Вольтер, как известно, быстро отказался от своих сомнений в отношении Ньютона. Уже в пределах «Английских писем» (1734), где Ньютону посвящено четыре очерка, тон становится все более апологетичным, а «Послание к маркизе дю Шатле о философии Ньютона» (1738) знаменует собой окончательный перелом[94]
. Теперь Вольтер готов биться с каждым, отстаивая величие Ньютона. В 1738 году он создает «Основы философии Ньютона», а год спустя «Ответ на главные возражения, высказанные во Франции против философии Ньютона». Но эта перемена позиций пришла вместе с уверенностью в том, что Ньютон чист от гипотез. Система Ньютона, пишет он в последнем из упомянутых сочинений, — это «удивительное учение о природе, основанное только на фактах и вычислении, отвергающее всякие гипотезы и вследствие этого являющееся единственно истинной физикой»[95]Молодой Дидро, впрочем, через много лет после Вольтера испытывает то же сомнение в бэконианской непорочности Ньютона. В девятой главе «Нескромных сокровищ» (1748) он с усмешкой, относящейся равно и к тем и к другим, изображает распрю «вихревиков» и «притяженцев», сторонников «геометра Олибри» и «физика Чирчино». Одинокий в Англии, Свифт выражал целое направление мысли, если говорить о Европе в целом.
«Затем я попросил правителя вызвать Декарта и Гассенди, которым предложил изложить Аристотелю их системы, — рассказывает Гулливер. — Этот великий философ откровенно признал свои ошибки в естественной философии, потому что во многих случаях его рассуждения были основаны на догадках, как это приходится делать всем людям; и он высказал предположение, что Гассенди, разработавший в современном вкусе учение Эпикура, и Декарт с его теорией вихрей будут одинаково отвергнуты потомством. Он предсказал ту же участь теории тяготения, которую с таким рвением отстаивают современные ученые». Даже позиция сторонника «старых» в развернувшемся незадолго до того споре «старых» (тех, кто отдает предпочтение античной литературе перед современной) и «новых» не заставляет Свифта сделать никакого исключения. В отличие от Бэкона, обвинившего в своем «Новом органоне» Аристотеля во всех грехах, в которых были повинны его последователи — схоласты, Свифт не распространяет на Аристотеля свою нелюбовь к схоластам. Но глубоко почитаемый им Аристотель так же не прав, основывая во многих случаях свои рассуждения на догадках, как презираемый Ньютон. Столь же бесповоротно отвергается и Декарт, хотя, казалось бы, Свифту выгодно его поддержать в своем споре с Ньютоном. А еще раньше было учинено издевательство над Лейбницем — личным врагом и в некоторых вопросах научным противником Ньютона. Нет, здесь ничего не объяснишь личной неприязнью Свифта к Ньютону. Здесь высказана принципиальная позиция защитника ортодоксального бэконианства.
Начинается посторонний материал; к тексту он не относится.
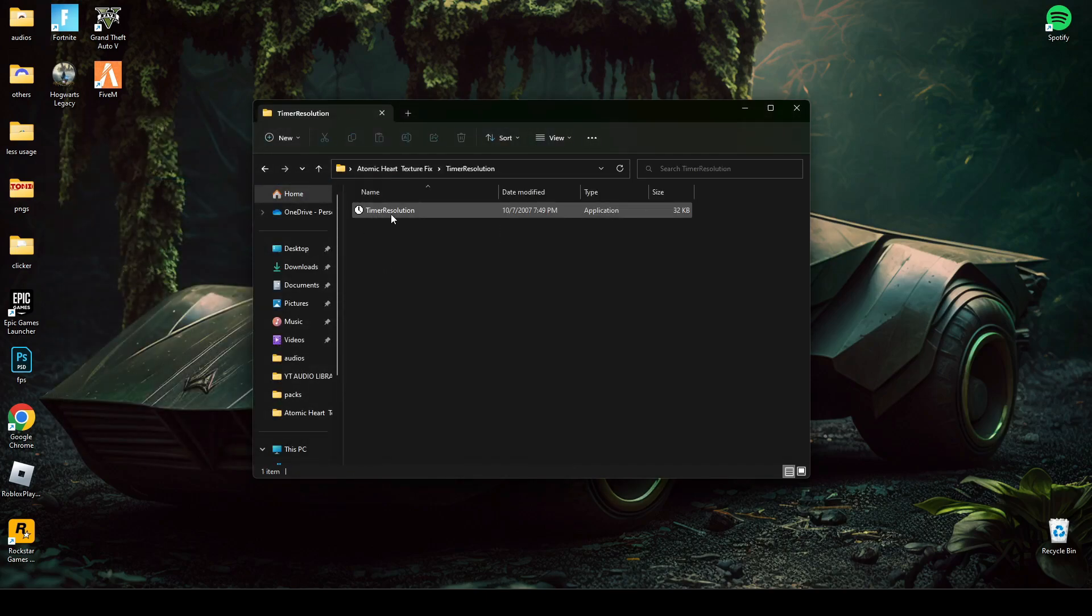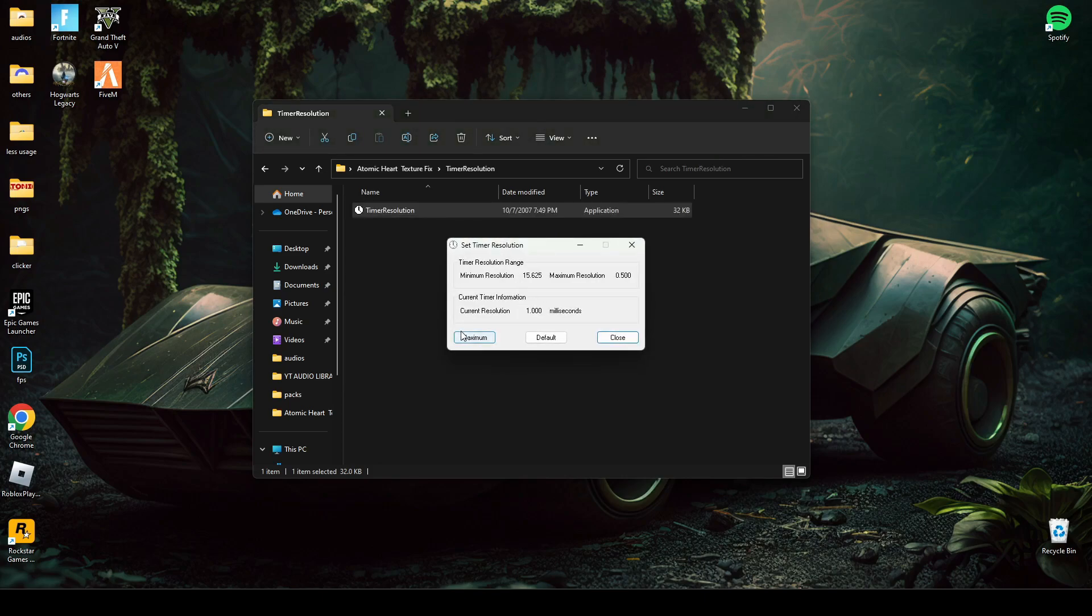Now, open timer resolution and press maximum, and minimize it during playing game.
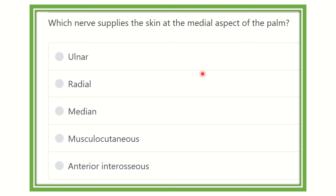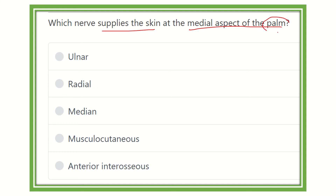Hi everyone, welcome to another question and answer session for the MRCS exam. This Q&A session will help you pass the MRCS exam very easily. The question is: whose nerve supplies the skin at the medial aspect of the palm — that means the palm of the hand.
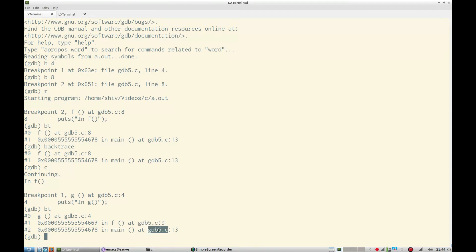So this is very useful when you want to trace the call flow of a large program, because in a large program it's very hard to understand the entire source code, and particularly when you join a new company or a new project and you have to understand the source code and you have a bug to fix quickly, then this technique is very useful.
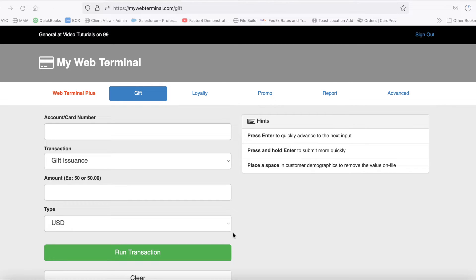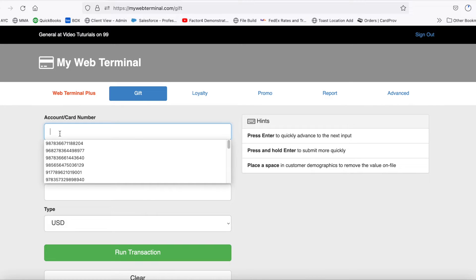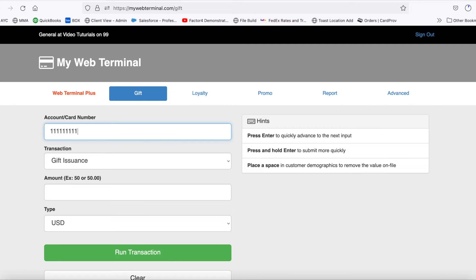If you go into your POS terminal or web terminal, you can run a gift issuance by putting in the card number, selecting gift issuance, and putting the amount that you want to add.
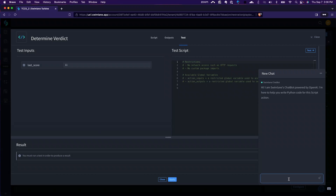So take the last score, and if above 50 return malicious, and if below 50 return benign.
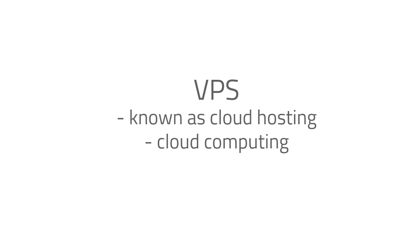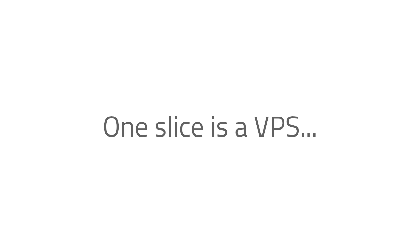It's now more commonly known as cloud hosting or cloud computing. When you think of Virtual Private Server, think of it in terms of shared hosting. Think of a pie - one pie with several pieces. One slice is a VPS.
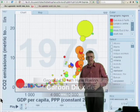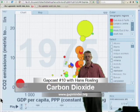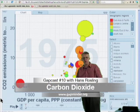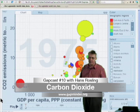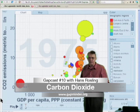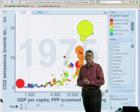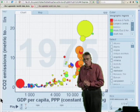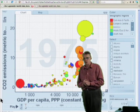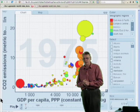All humans emit carbon dioxide and contribute to the climate crisis. But some humans emit much more carbon dioxide than others.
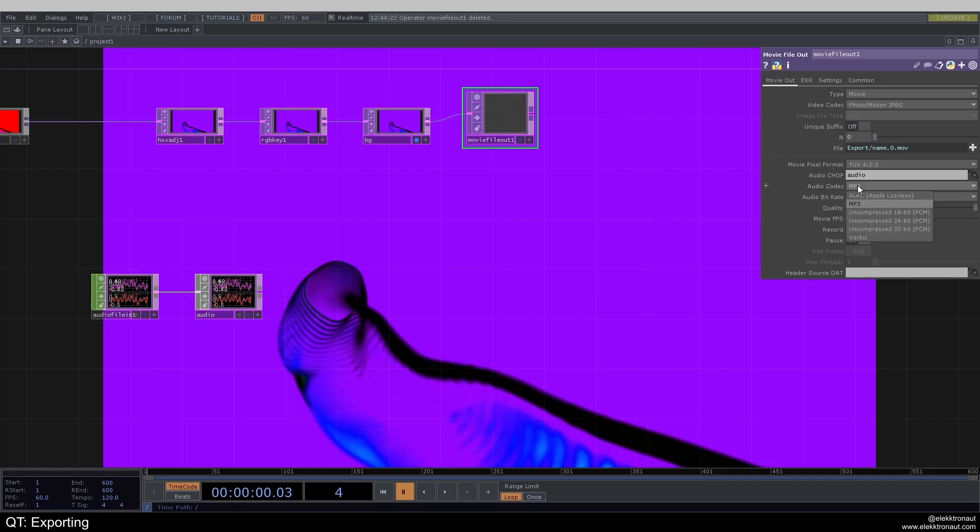I can also select the codec and the bitrate. I always leave the quality at one. And the movie FPS, we can either just type in a manual one. I usually just go with whatever we have in our project. So that is 60 in this case.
Впрочем, к одному ли Аристотелю относится неожиданно проскользнувшая примирительная нота? «...его рассуждения были основаны на догадках, как это приходится делать всем людям». Нет, разумеется. Но, во всяком случае, и не к Ньютону. Что позволено Аристотелю, не позволено Ньютону. С него больший спрос — он живет после средневековья. Но что не позволено Ньютону, позволено Свифту. Для Ньютона на практике существует различие внутри дедукции. Для него далеко не всякая гипотеза — обскурантизм и схоластика. Свифт обнаруживает это и жестоко его за это клеймит. Но сам он не без греха. Он такой же, как Ньютон, безусловный бэконианец на словах и гипотетист на практике. Он только себе на уме и минуту спустя уже разоблачает гипотезу, его самого увлекшую, — разоблачает ее просто за то, что это гипотеза.
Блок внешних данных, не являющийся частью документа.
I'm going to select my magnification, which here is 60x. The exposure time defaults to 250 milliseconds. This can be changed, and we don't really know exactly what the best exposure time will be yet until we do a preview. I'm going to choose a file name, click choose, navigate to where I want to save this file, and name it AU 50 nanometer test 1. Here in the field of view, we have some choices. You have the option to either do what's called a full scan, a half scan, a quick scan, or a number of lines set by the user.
То, что он сам ее придумал, не в счет. Ему это можно. В иерархии знания он, будучи писателем, занимает более высокое место. И если метод Свифта и метод Ньютона в чем-то совпадают, Свифт склонен считать это своим достоинством и недостатком Ньютона. В конце концов, на то он и писатель, чтобы, пользуясь воображением, создавать гипотезы. Но беда, если гипотезы начнет создавать ученый. Поэтому-то с таким злорадным весельем отдает Свифт свои гипотезы заядлым врагам. Он знает — они будут им не к лицу. В этих обновах они сделаются посмешищем всякого здравомыслящего человека!
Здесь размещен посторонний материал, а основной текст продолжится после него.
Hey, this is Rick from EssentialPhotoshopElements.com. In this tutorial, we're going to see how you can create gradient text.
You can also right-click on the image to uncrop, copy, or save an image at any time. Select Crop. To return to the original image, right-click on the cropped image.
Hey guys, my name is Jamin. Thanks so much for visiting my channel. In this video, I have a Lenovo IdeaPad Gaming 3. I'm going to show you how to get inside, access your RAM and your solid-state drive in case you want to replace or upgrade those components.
Ученым, считает Свифт, не пристало фантазировать. Наука не враждебна фантастике. Он с удовольствием ею пользуется. Но фантастика враждебна науке. Мог ли создатель «Гулливера» предположить, что фантастика, напротив, окажется чрезвычайно полезна науке — настолько полезна, что даже он, не ученый, употребив фантазию, сделает несколько невольных открытий?!